OBJECTIVE:Statins reduce inflammation and risk of myocardial infarction (MI). Because the myeloid IgA Fc receptor encoded by FCAR mediates inflammation, we hypothesized that the FCAR Asp92Asn polymorphism is associated with risk of MI and that this risk would be modified by pravastatin. METHODS AND RESULTS:In the placebo arm of the Cholesterol and Recurrent Events (CARE) study, male carriers of the 92Asn allele had an adjusted hazard ratio for incident MI of 1.68 (95% CI 1.10 to 2.57); relative risk reduction by pravastatin was 69% in carriers and 12% in noncarriers (P(interaction)=0.007). In the placebo arm of the all-male West of Scotland Coronary Prevention Study (WOSCOPS), carriers had an adjusted odds ratio for incident coronary heart disease (CHD) of 1.46 (90% CI 1.05 to 2.03); for pravastatin compared with placebo treatment, the adjusted odds ratios were 0.55 (95% CI 0.32 to 0.93) in carriers and 0.65 (95% CI 0.51 to 0.83) in noncarriers (P(interaction)=0.55). CONCLUSIONS:Carriers of 92Asn had increased risk of MI in CARE and increased odds of CHD in WOSCOPS. Pravastatin significantly reduced risk in carriers in both CARE and WOSCOPS. A genotype by treatment interaction was observed in CARE but not in WOSCOPS.

译文

目的:他汀类药物可减少炎症和心肌梗塞(MI)的风险。因为由FCAR编码的髓样IgA Fc受体介导炎症,所以我们假设FCAR Asp92Asn多态性与MI的风险有关,并且这种风险将被普伐他汀改变。

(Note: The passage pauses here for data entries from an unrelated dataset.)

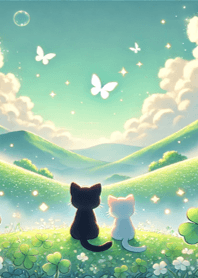 My Lucky Clover 077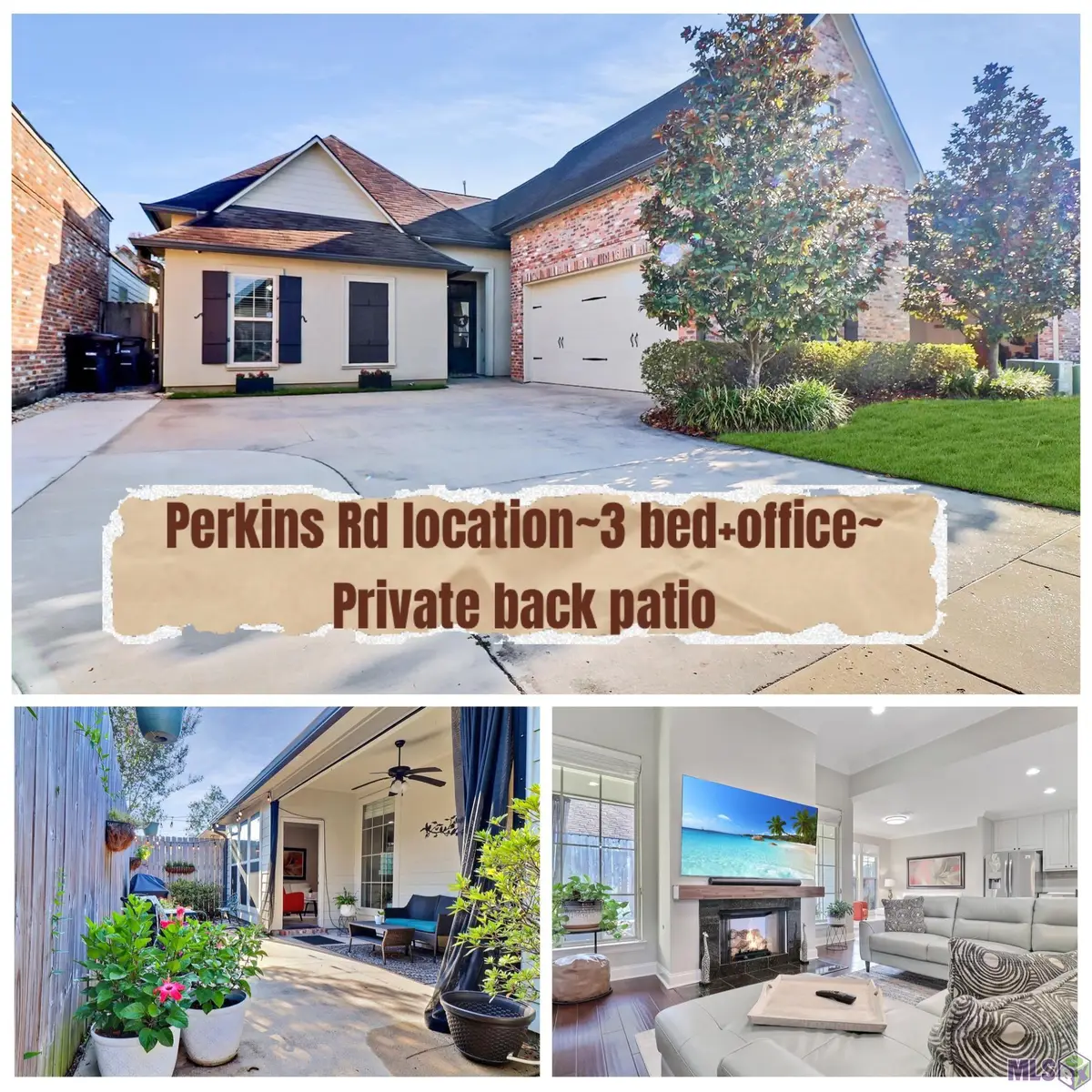 14839 Kingsland Way, Village Saint George, LA 70810 - Image #1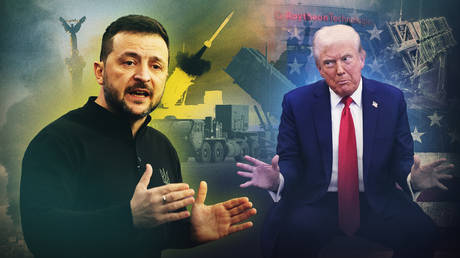 Trump’s ‘cruel gift:’ Why Patriot license will be useless for Ukraine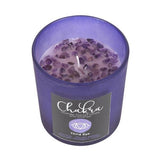 Something Different Lavender Third Eye Chakra Candle, imported from the UK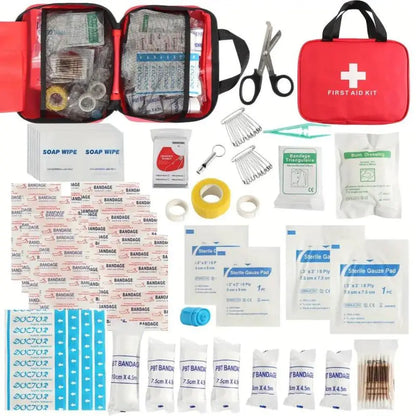 First Aid Kit (173 Piece )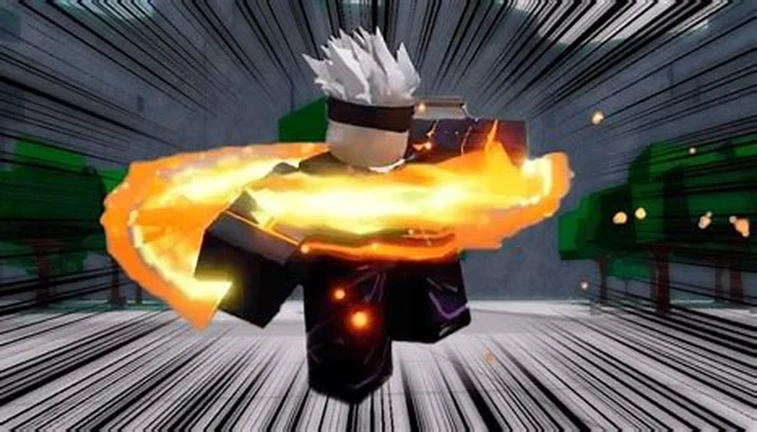GOJO | Jogue na Roblox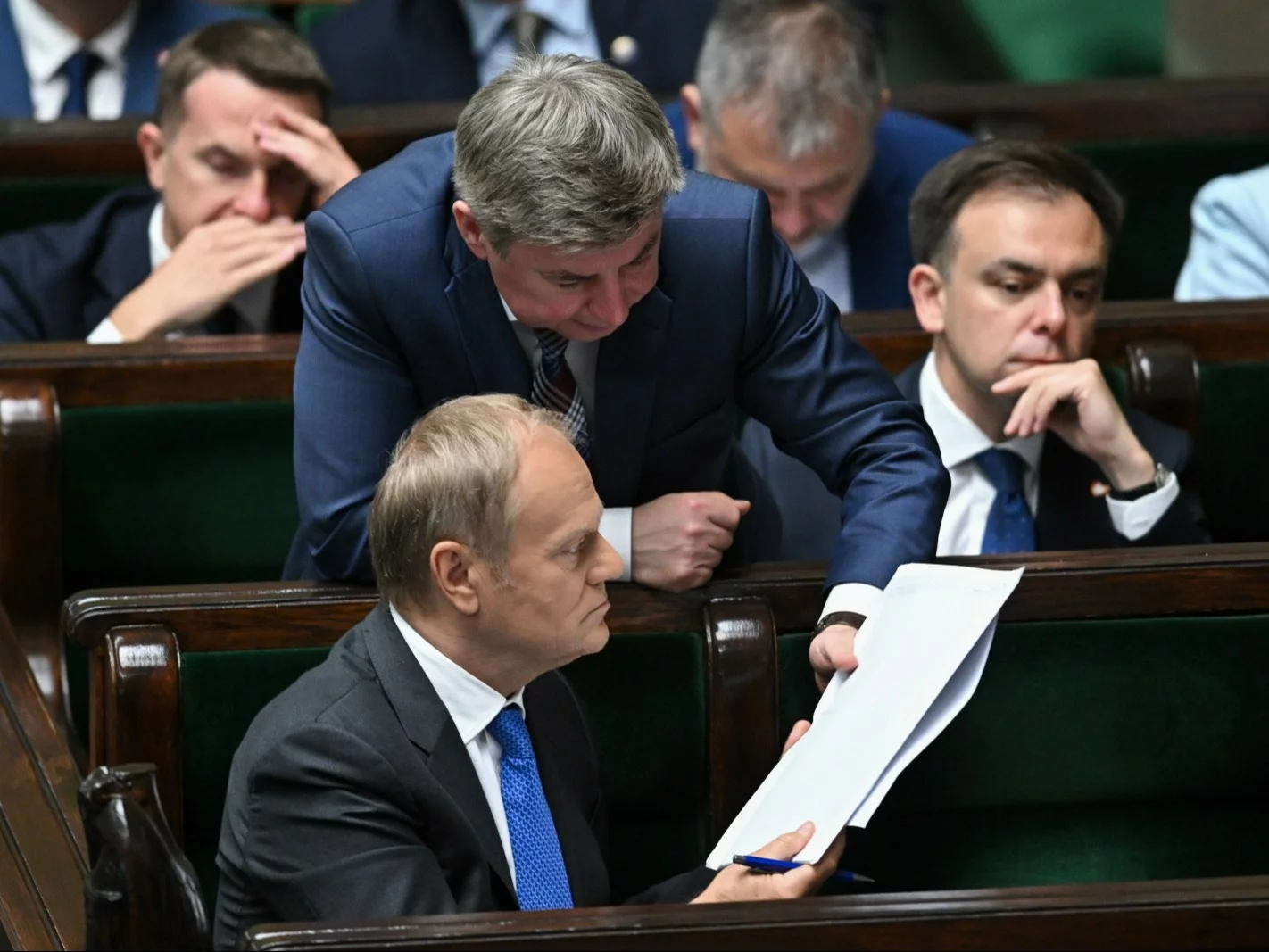 Kryptowaluty po raz trzeci w Sejmie. Jest decyzja posłów – Biznes Wprost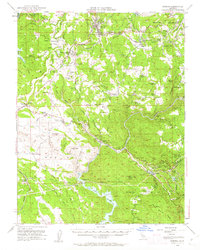 Sonora 1948 topographic map thumbnail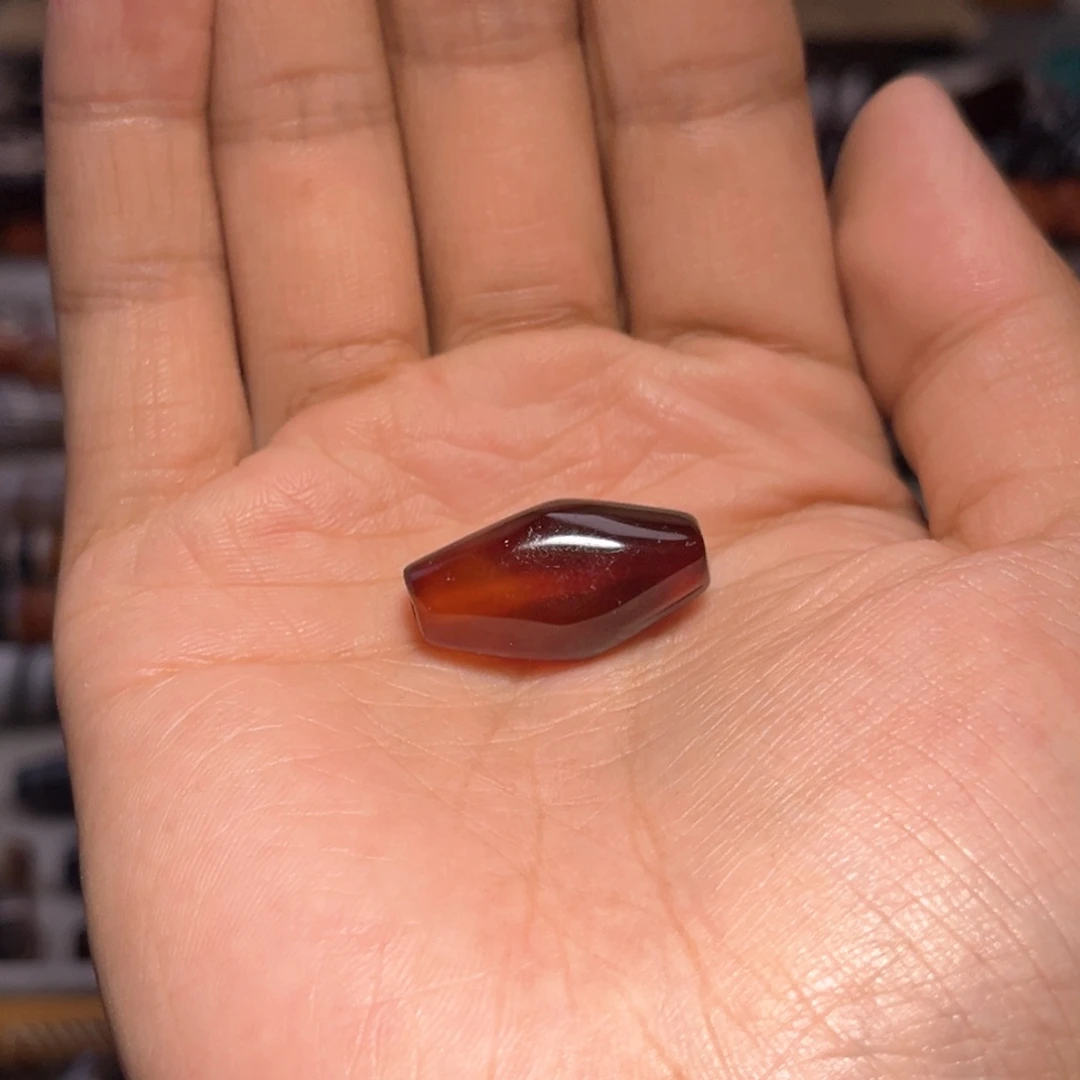 玛瑙/玉髓单珠未镶嵌定****蛋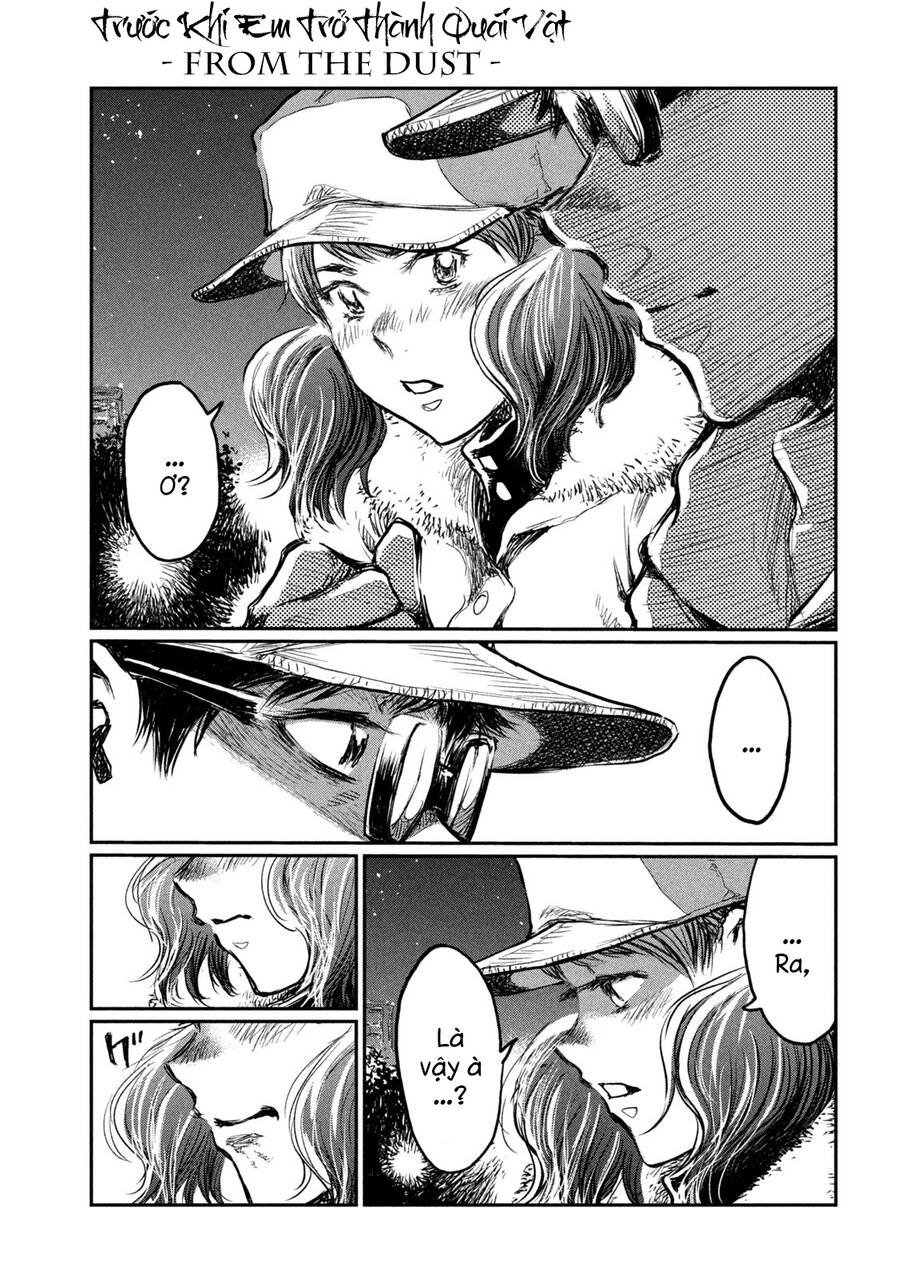 Trước Khi Em Trở Thành Quái Vật Chap 5 - Next Chap 6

方法和结果:在胆固醇和复发性事件(CARE)研究的安慰剂组中,92Asn等位基因的男性携带者调整后的MI危险比为1.68(95%CI 1.10至2.57)。普伐他汀的相对危险度降低在携带者中为69%,在非携带者中为12%(P(相互作用)= 0.007)。在全男性西苏格兰冠状动脉预防研究(WOSCOPS)的安慰剂组中,携带者的冠状动脉心脏病(CHD)调整后优势比为1.46(90%CI为1.05至2.03)。对于普伐他汀,与安慰剂治疗相比,调整后的优势比在载体中为0.55(95%CI 0.32至0.93),在非载体中为0.65(95%CI 0.51至0.83)(P(相互作用)= 0.55)。
结论:92Asn携带者在CARE中发生MI的风险增加,在WOSCOPS中发生CHD的几率增加。普伐他汀可显着降低CARE和WOSCOPS中携带者的风险。在CARE中观察到通过治疗相互作用产生的基因型,但在WOSCOPS中未观察到。